Las experiencias en otros países (con datos procedentes de Estados Unidos, México y Francia, principalmente) muestran que los impuestos sobre las bebidas azucaradas tienen una clara capacidad para disminuir el consumo de las bebidas a las que se aplica el impuesto, así como una aceptable capacidad para disminuir la frecuencia de obesidad, aunque aún queda por determinar con exactitud el mantenimiento de estos efectos a largo plazo y la aplicación de estos impuestos en diferentes contextos sociales y económicos. Parece claro, y suficientemente establecido, que empezar a mirar –fiscalmente- a los azúcares como hemos venido mirando al tabaco o el alcohol puede tener efectos directos sobre su consumo.
Más allá de la efectividad de las medidas fiscales en materia de imposición a las bebidas azucaradas, uno de los aspectos fundamentales a abordar es el efecto que estas medidas tendrán sobre las desigualdades sociales. La presencia de hábitos de vida malos para la salud está presente de manera más acusada en clases sociales bajas, presentando un gradiente social; la vinculación de los hábitos de consumo de alimentos con el nivel de renta y el nivel educativo está ampliamente estudiada y es preciso tenerla en cuenta a la hora de implantar medidas fiscales ligadas al consumo de productos no saludables, dado que existe un alto riesgo de que se conviertan en medidas regresivas que acaben siendo mayormente financiadas por las personas más desfavorecidas, con mayor consumo de estos productos y con menor capacidad de acceder a alternativas de consumo más saludable por múltiples motivos. A este respecto, según lo comentado en un reciente artículo publicado en la Revista Española de Salud Pública, la regresividad –o no– de esta medida dependerá de cómo respondan los hábitos de consumo de las clases sociales más bajas al incremento de precio de las bebidas azucaradas y, muy especialmente, a cómo se complemente esta medida con otro tipo de políticas que incidan en revertir este gradiente social.

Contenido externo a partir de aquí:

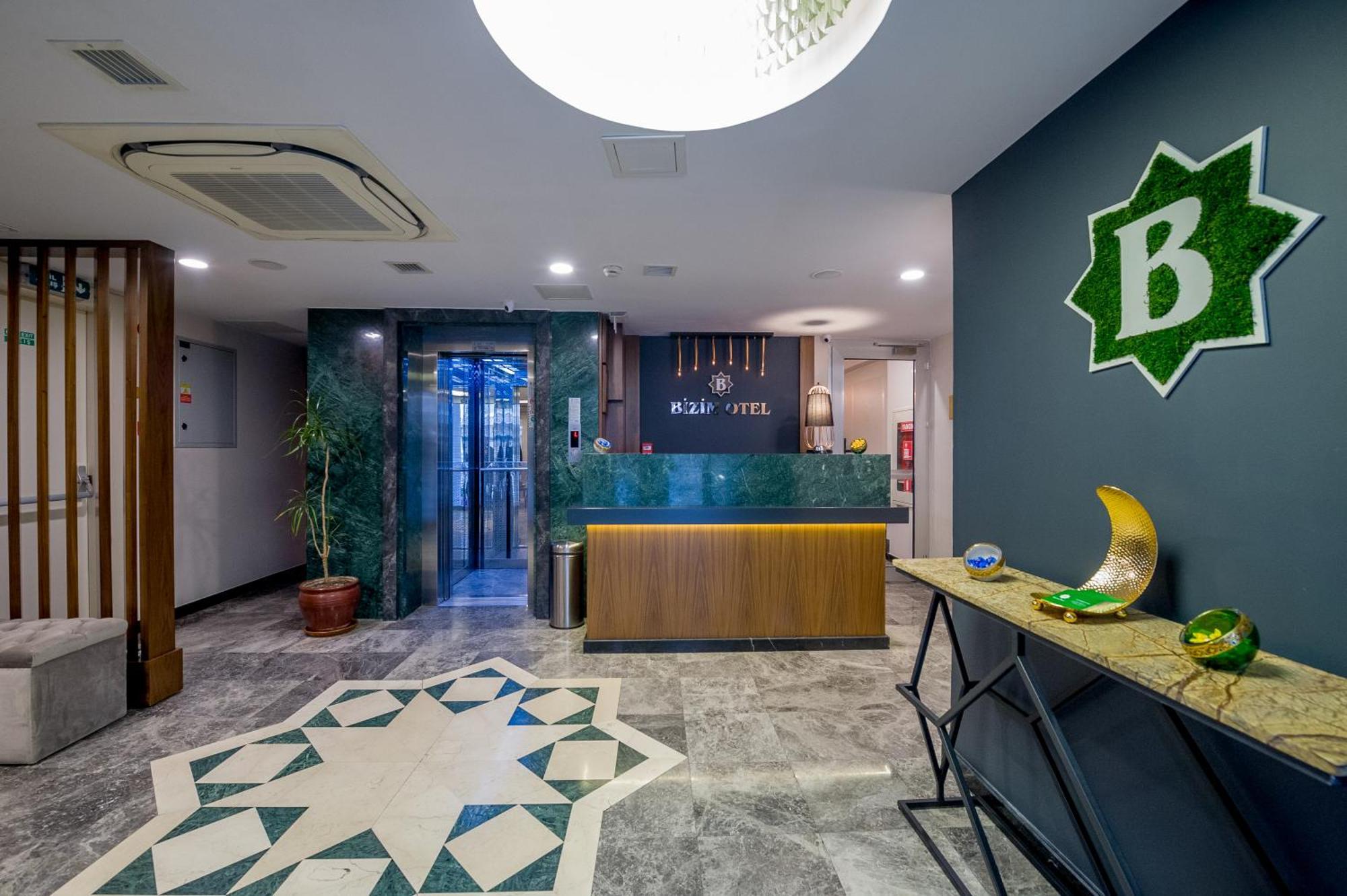 Bizim Hotel Istanboel Buitenkant foto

Si vamos a desarrollar medidas de “fiscalidad saludable”, ¿de qué manera hacerlo?
Por último, son varios los aspectos a ser tenidos en cuenta a la hora de plantear un impuesto sobre bebidas azucaradas; por un lado, debería tratarse de un impuesto ligado a la cantidad del producto, no a su precio, recayendo sobre el fabricante, no sobre el vendedor –o al menos no principalmente–, de modo que su cuantía y su capacidad de influir sobre el consumo no se viera modificado por reducciones de precio que aminoraran su impacto.
Por otro lado, sería deseable que lo recaudado tuviera una repercusión directa en el establecimiento de políticas que, además, ayudaran a revertir el impacto de estas medidas sobre los gradientes sociales, por ejemplo, facilitando el acceso a alimentación saludable y actuando sobre los aspectos sociales que determinan las desigualdades en los hábitos de consumo de alimentos y otros aspectos relacionados con la obesidad y el sobrepeso.
Además, las políticas fiscales que intentan cambiar los hábitos de vida tienen que tratar de mirar más allá e intentar cambiar las condiciones en las que dichos hábitos se desarrollan; es sabido que en promoción de la salud las acciones “corriente arriba” (en los determinantes de salud más globales) tienen mayor capacidad para disminuir las desigualdades en salud, mientras que centrarse en la persona y sus hábitos puede aumentarlas. En el ámbito de la alimentación no basta con la implantación de medidas ligadas a gravar el consumo, sino que habría que mirar directamente a la producción de dichos alimentos y plantear políticas más amplias que ataquen de forma directa al poder de la industria alimentaria en la confección de las políticas en los países de nuestro entorno (en este ámbito existen propuestas de gravar no solo las bebidas azucaradas, sino todos los productos que se sometan a cierto grado de procesamiento).